Sunday, December 02, 2012

Advent 2012


The Christian season of "waiting in hope" for the Light begins today. I've always felt in harmony with this season -- though I often wonder whether it would have the same resonance if I lived in the southern hemisphere where daylight is lengthening, instead of waning.

I've just emerged from a different sort of much prolonged "advent" and so has the country. Waiting in hopeful and anxious anticipation is the normal condition of people who engage deeply with elections. This last contest seemed to stretch on forever.

Unlike most of life, there is a fixed date on which the anticipated and feared decision will be made. In the run up, there is an enormous amount that should and must be done, more than can be done. But then Election Day comes and it is over. Thud.

If your candidate or your proposition wins, there is joy and relief. There probably should be terror; for with victory comes responsibility that cannot be entirely fulfilled. You tamed it; you are now responsible. But you get to enjoy the victory for a bit, before feeling the responsibility.

If you lose, it is just over. You can analyze at length, but if you were doing your job, you already know why, at this time, your fellow citizens made other choices. Some people recently weren't doing their jobs. You shouldn't be able to tease out much new from the returns. Later, someone with more distance may have insights, but those are not likely to be immediate.

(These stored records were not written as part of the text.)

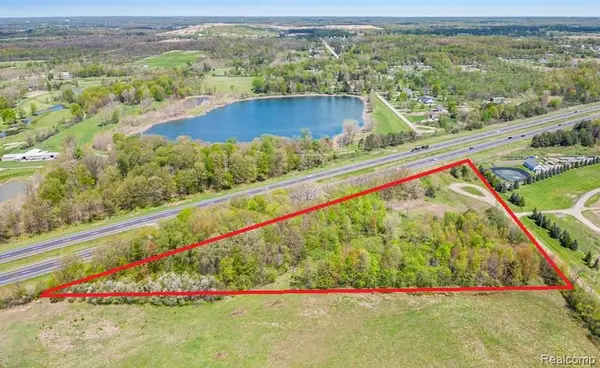 57998 Frost Road, Lenox, MI 48048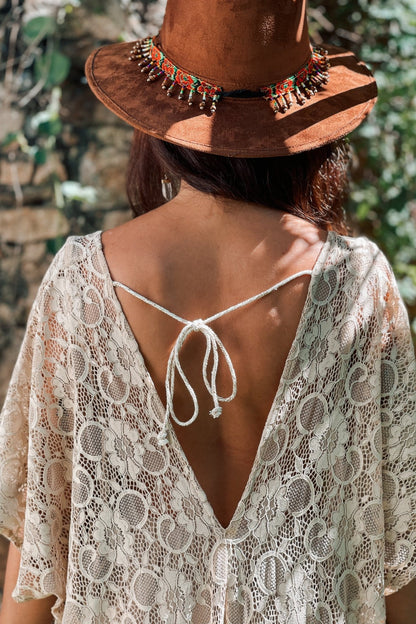 Kimono Orisha in Beige Lace with Nacre - Shambori Spirit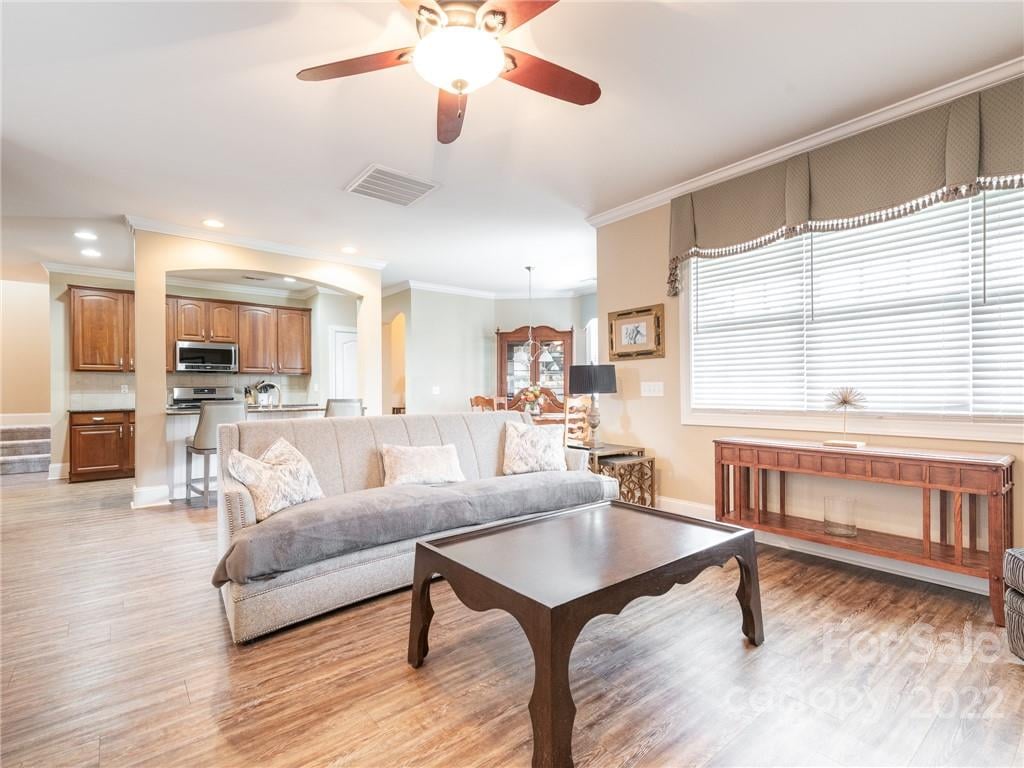2704 Occaneechi Ct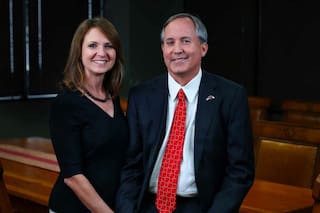 En qué se basó Angela Paxton para pedir el divorcio de su esposo, el fiscal general de Texas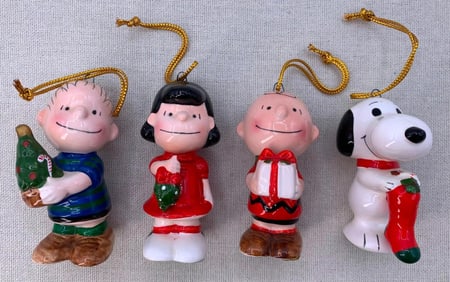 4 Japan 1950s-60s United Feature Syndicate Peanuts Character Porcelain Christmas Ornaments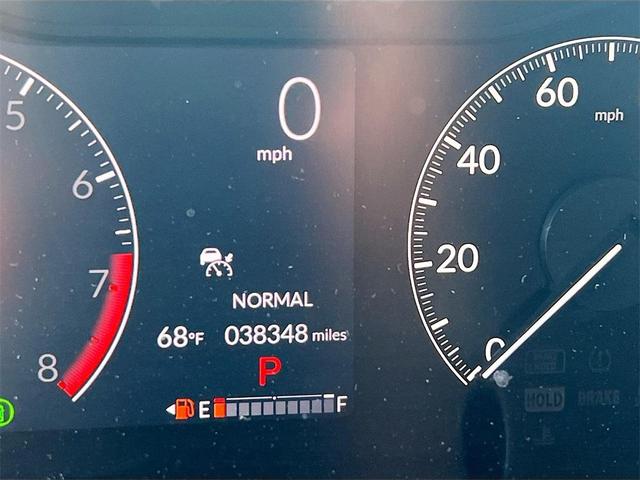 Photo of 2023 Crystal Black Pearl Honda HR-V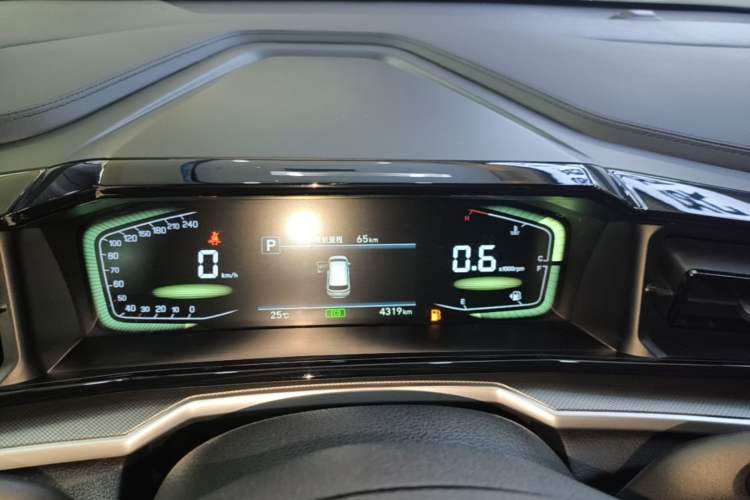 Used Hyundai Custo 2024 270TGDi LUX Prestige Edition Instrument Cluster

As readers of this blog know, I come into this Christian Advent having just lived through a nasty thud. My fellow Californians were not ready to replace the death penalty, to choose a different path to satisfy our hope to live under a fair and functioning legal regime. When I look at the long trajectory of our understanding of punishment, safety and justice, I know I should remain confident that we'll move away from the death penalty. The campaign successfully implanted an understanding that relying on execution to deliver "justice" costs too much, suffers from systemic impediments that can't and won't be fixed, and always risks killing the wrong person. But for now, we're just not quite ready to give up the idea there's some magic "justice" to be grasped by giving a death sentence to a terrible offender.

So today I wait in hope for the return of the Light -- literally as I listen to a Pacific storm howling outside, metaphorically for the rebirth of the hope that Good comes among as, as poor and weak as we are. Hope is not a mood; hope is a virtue. Like all virtues. it must be practiced to form and deepen it. After a loss, I need a blessed Advent this year, to begin to renew, not hope itself, but strength for the practice of hope which is the struggle for justice. It will come. It always does.